The problem comes from the fact that we are not simply asking long and triple jumpers to jump as far as they can and then simply measure their jump. The rules add an extra difficulty: the jump is measured from a fixed line. As a consequence, the jumpers try to come as close as possible to this line and, as a result, they often step over it, which leads to an invalid jump. At this point I cannot refrain from mentioning an absurdity of the rules: the national and international rules are not always identical. In the case of long jump this has hindered the progression of the world record. In fact while, according to the IAAF rules, a jump is invalid when an athlete touches the ground beyond the take-off line (something controlled by the plasticine indicator) the american rules are more basic and do not allow the athlete’s foot to overshoot the take-off line. If such a thing occurs the jump is invalidated even if there is no mark on the plasticine indicator. C. Lewis was deprived of a record around 9.15 m because of this americano-centric peculiarity.

So, what we are asking is that athletes who run at 10 m/s to count their steps with centimetric precision so as to jump as close as possible to the take-off line. This was good for the Olympic Games of my ancestors and perhaps the simplest way to stage competitions all the way up to the modern “electronic” era. But today, keeping these archaic rules is just not allowing two of the noblest field disciplines to blossom. For many years now we are accustomed, at least for major championships (Olympic, World and Continental) to have a camera focused on the take-off board giving the precise distance of the tip of the athlete’s foot to the take-off line. (Current technology allows measurements of at least millimetric precision). And this is a distance that the athlete has indeed jumped. Wouldn’t it then be fair to add it to the length measured beyond the take-off line? My answer to this is an unambiguous “yes”. 

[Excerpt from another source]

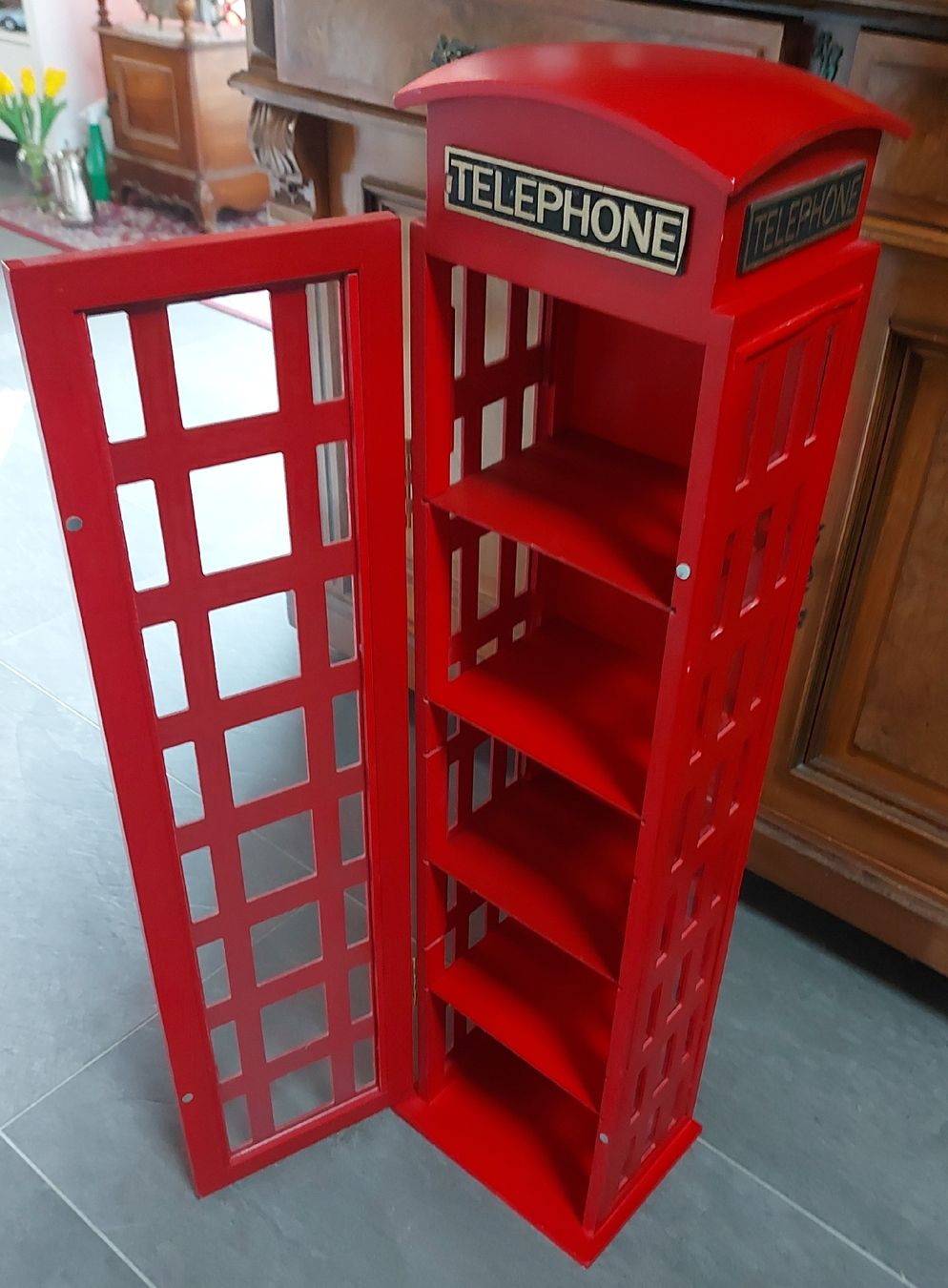 Scaffali: CD Turm London-Telefonhäuschen – Usato da Rumisberg venduto da AaronRodgers81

So, here is my proposal. Replace the 20 cm take-off board by a 60 cm one. In this way the jumpers will not worry excessively about calibrating their run-up. It suffices to take off from the board in order to have the distance to the take-off line measured. If they take off before the board they still get 60 cm added to their jump. It goes without saying that if they foul their jump is invalid, but with a 60 cm take-off board and the real length of the jump measured, it would be really a rare accident to have a jumper foul. No need for plasticine in this case. One can use the simpler, american, rules and the athlete can be convinced that he did indeed foul by inspecting the video on the judge’s iPad. 

While all this is perfectly feasible as far as major competitions are concerned, it is not clear whether for minor ones this technology-based jump measurement is easy to implement. Juilland in his book suggests another possibility: that the take-off board be covered by a substance allowing the athlete’s foot mark to persists for a time sufficient for measurement. Perhaps this is easier than a video-based measurement. Still one has to study its feasibility and the related costs. Finally for local competitions the old, i.e. the existing, rules could just apply. This would be a further incentive for jumpers to improve their marks  and have access to higher level competitions which would offer them the bonus of a realistic measurement of jump length.

What is the probability of acceptance of a proposal for an exact measurement of the athlete’s jump? Unfortunately, exactly equal to the one of the proposal related to wind speeds and on throwing circles.